One of the Web's biggest sites reveals why it built its own cloud yet still relies on shared IT services.
Common wisdom would have it that public providers of cloud-based computing are in a league of their own, able to run IT infrastructure more efficiently than most companies can do for themselves. After all, the story goes, these cloud outfits specialize in IT -- they live and breathe technology day in, day out -- so how could any non-specialist do it better than they can?
In fact, this isn't necessarily true, as explained in an article appearing just now at Ars Technica. It describes the history and evolution of IT infrastructure at a social network gaming company called Zynga, which you may know from playing such popular titles as FarmVille and ZyngaPoker. Over the course of its five years in existence, Zynga has gone from running its own servers to renting a whole mess of them from Amazon's EC2 unit to running its own again.
As Ars Technica explains things, Zynga launched in 2007, running its own servers in the space it rented at a co-location facility. All was well. But in 2009, the company had a giant hit on its hands with FarmVille. The number of players rocketed to 10 million in six weeks, and then to 25 million in five months. "We couldn't get power fast enough. We couldn't get servers fast enough," Allan Leinwand, Zynga's CTO of infrastructure, is quoted as saying.
Thankfully, Amazon was able to provide the capacity and scalability that Zynga needed to thrive during what turned out to be a massive ramp-up in usage. But then, the gaming company figured it could run its own infrastructure in a way that was more suitable to its business than Amazon's service.
Zynga built a datacenter on each coast of the US, and by early 2011, about 20 percent of its users were playing games running there, not in the Amazon cloud. And by late 2011, it was 80 percent Zynga servers and 20 percent Amazon. In just two years, the company grew its server count by a factor of 50, yet it still retains Amazon as a "shock absorber" to help cope with sudden spikes in demand.
Zynga describes its "zCloud" as being managed with CloudStack software, an orchestration package recently released to the open-source community by Citrix Systems. Helping to design the setup was a company called RightScale. Hypervisor? A customized version of Xen.
Interestingly, Zynga's Leinwand wouldn't tell Ars Technica what kind of servers the company is using, or even how many datacenter facilities it has built for itself. He says the company is not building its own servers but procures them from suppliers that are able to do some amount of customization to help match hardware to different games' operating characteristics.
With "dozens of tweaks" and analysis of server and network performance, Zynga is able to run on a single server workloads that require three servers at Amazon.

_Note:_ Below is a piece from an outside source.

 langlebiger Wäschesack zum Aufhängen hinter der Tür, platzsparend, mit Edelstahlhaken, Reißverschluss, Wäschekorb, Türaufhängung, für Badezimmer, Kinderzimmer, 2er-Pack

Leinwand tells Ars Technica: "We dug into our applications. We wrote tools that got into the memory heap. We wrote tools that look at profiling certain processes. We got into the Linux kernel. We use CentOS, and we got into the CentOS kernel and figured out where those bottlenecks are."
Another intriguing factoid: Zynga's core database clocks in at 1.4 petabytes, organized into 24.5 trillion rows of data. That may sound as though the company is recording every click of every mouse that ever gets near one of its online games, a real exercise in big-data. But it's not. Last year, on its own engineering blog, Zynga discussed some of its thinking in this area, noting that it was recording "only" 5TB or so of data every day, not the the 50TB its gamers generate.
Clearly, not every enterprise is in the gaming business and serving and tracking hundreds of millions of active users. But it's interesting, if not necessarily applicable, to read about how some of the Web's bigger operators actually operate.